Yeshiva‘s Case Ends Before It Begins

Gary Rosenblatt is The NY Jewish Week's editor at large.

An 11th_hour agreement was expected to be finalized this week between Derech Etz Chaim, a small Jerusalem yeshiva, and Yeshiva University, the major Modern Orthodox institution, canceling out competing lawsuits on the eve of a federal court hearing in Manhattan, according to sources close to the case.

What remains an open question, though, is what, if anything, will come of the allegations of sexual abuse against Rabbi Matis Weinberg, a leading Torah scholar and author, which were at the crux of the case.
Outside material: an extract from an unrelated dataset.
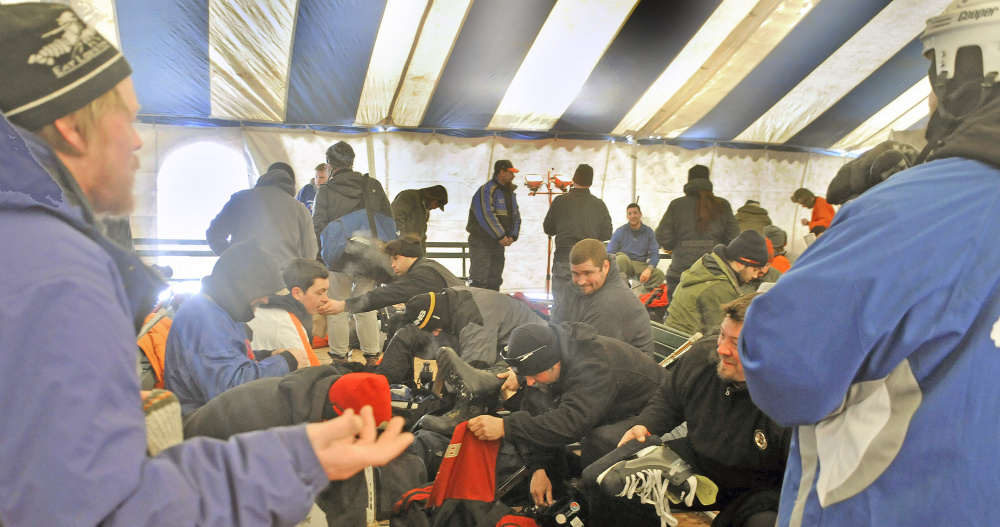 Team members escape the cold in the tournament’s warming tent. Because of the extreme cold, games were shortened to two 15-minute halves Sunday.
One source close to the case said that charges of criminal behavior against Rabbi Weinberg have been filed with Interpol, the international police, which is investigating the matter, according to the source.

Derech Etz Chaim is said to be dropping its breach-of-contract charge against YU, which had been prompted by YU cutting its ties last year with the 6-year-old yeshiva located in the Har Nof section of Jerusalem. The YU decision was based on reports that Rabbi Weinberg, who is seen as the spiritual mentor of Derech Etz Chaim, had a history of abuse, a charge he strongly denies.
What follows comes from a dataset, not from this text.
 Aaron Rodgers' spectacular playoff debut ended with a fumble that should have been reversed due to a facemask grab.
Derech Etz Chaim had been one of a number of Israeli yeshivot attended by American post-high school students who then went on to attend YU.
Derech Etz Chaim had been seeking reinstatement in the YU program, claiming that its removal was a severe financial blow. It had sued for at least $75,000, arguing that the allegations against Rabbi Weinberg were false, and that Rabbi Aaron Katz, the dean of Derech Etz Chaim, was defamed.
YU, in turn, is expected to drop its counter suit that claimed Derech Etz Chaim “utterly refused to protect” its students from Rabbi Weinberg.

Charges about Rabbi Weinberg’s behavior, dating back more than 20 years and including an alleged incident from 2003, first came to light last year, and were taken up by a bet din (religious court) in Brooklyn. The bet din’s findings, including testimony from at least six of the rabbi’s former students, were then passed on to a haredi bet din in Jerusalem, which decided not to pursue the case.

Several former students of the rabbi claiming abuse, here and in Israel, were set to appear as witnesses in the federal trial here.
Now that the trial will not take place, questions have been raised about whether former students will press criminal charges in Israel or whether the original bet din in Brooklyn will take up the matter again.

Observers note that the case points up one of the weaknesses in the Orthodox community in that it has no mechanism in place to investigate or pursue such allegations, either to punish or clear an individual. The Rabbinical Council of America, the rabbinic arm of the Orthodox Union, is planning to put in place next month a new committee to deal with rabbinic abuse.

Rabbi Mark Dratch, who is chairing the committee, said he hopes that “investigating and making a determination of veracity in a case should give sufficient strength to the community to take proper action.” He added that he had no direct knowledge of the Weinberg case and that the RCA group will only deal with its membership. Rabbi Weinberg is not a member of the RCA.